伊佐:ありがとうございます。次に中間支援NPOで活動されている金森さんにお聞きします。このような話を聞いた時、市民事業と商人の関わりには、パトロンとして商人が関わってくる場合と、自分自身も社会に貢献しながら事業を育てていくという場合、そして上田さんの例のように地場との関わりでやっていく場合などがあります。今後ソーシャル・デザイン・ファンドとしてお金を集めていく場合、地元の企業や商人の意識との関わりは何か考えていらっしゃいますか。


金森:アメリカに調査へ行った際に、中間支援的な活動をしているところはファンドを持っていました。自らファンドを持っているケースもあれば、どこかと組んでまわしているところもあります。そしてファンドの中身はお金だけでなく、資源や人材の場合もあります。アメリカには中間支援NPOという概念が無いのかなという印象で、普通にお金を持っているファンドがあり、それが先ほどお話にあったビル・ゲイツクラスのような時もあれば、古くは50〜60年前に地元で事業を起こして、そこそこのお金持ちになった人が数十億円のファンドを持っている場合もあります。もう少し新しくなると税理士、会計士やIT専門家などの時間をスキルバンクといった形で派遣するような資源の提供方法もあります。いずれにしても相談を受けたスタッフがただ答えるだけというようなことはほとんどありません。何かしらお金や活動に身に付くものをまわせる、その“まわせるもの”を持っているのかどうかが重要な要素ではないかと思っています。
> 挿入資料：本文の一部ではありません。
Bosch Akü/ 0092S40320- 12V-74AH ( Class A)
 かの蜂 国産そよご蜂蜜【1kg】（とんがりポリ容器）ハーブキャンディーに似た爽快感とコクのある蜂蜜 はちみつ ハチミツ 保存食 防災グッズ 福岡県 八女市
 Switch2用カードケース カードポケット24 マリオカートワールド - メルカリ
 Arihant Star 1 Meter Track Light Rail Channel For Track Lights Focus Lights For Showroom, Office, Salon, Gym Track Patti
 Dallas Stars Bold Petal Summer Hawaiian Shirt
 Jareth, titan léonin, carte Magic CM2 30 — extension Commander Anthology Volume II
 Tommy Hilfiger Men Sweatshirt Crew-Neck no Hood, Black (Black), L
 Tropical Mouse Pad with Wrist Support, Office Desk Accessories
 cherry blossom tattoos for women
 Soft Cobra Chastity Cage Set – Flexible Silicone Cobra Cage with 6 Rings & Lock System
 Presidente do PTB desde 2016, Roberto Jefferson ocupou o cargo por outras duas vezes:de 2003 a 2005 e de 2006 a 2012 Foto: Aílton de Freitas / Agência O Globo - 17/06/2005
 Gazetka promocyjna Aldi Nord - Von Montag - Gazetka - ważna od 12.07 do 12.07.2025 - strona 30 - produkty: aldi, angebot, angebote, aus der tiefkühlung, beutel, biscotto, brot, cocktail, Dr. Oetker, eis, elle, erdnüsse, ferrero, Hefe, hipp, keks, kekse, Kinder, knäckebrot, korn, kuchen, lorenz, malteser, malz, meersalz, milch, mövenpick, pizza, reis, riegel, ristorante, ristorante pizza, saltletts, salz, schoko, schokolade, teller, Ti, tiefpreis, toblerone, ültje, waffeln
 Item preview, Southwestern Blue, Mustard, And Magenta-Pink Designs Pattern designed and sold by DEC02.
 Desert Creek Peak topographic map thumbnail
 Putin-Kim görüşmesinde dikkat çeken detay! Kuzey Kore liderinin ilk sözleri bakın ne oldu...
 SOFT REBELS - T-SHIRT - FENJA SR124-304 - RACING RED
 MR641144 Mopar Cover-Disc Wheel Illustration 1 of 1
 そしてソーシャル・デザイン・ファンドは関西の寄付ファンドとして、地元の企業や社会から広く寄付を集めてきて、今一番お金を必要としている活動にお金を分配していこうと活動を行っています。現在の基金規模はまだ小さいですが、4、5年のうちに10億くらいのファンドには育っているとすれば、3%の運用益として3000万、それを10〜15団体に分配できればそこそこの体制は整えられるなと思っています。しかしそんな時に「カーネギーは1兆円」など聞いてしまうと「うーん・・・」と思ってしまいますね。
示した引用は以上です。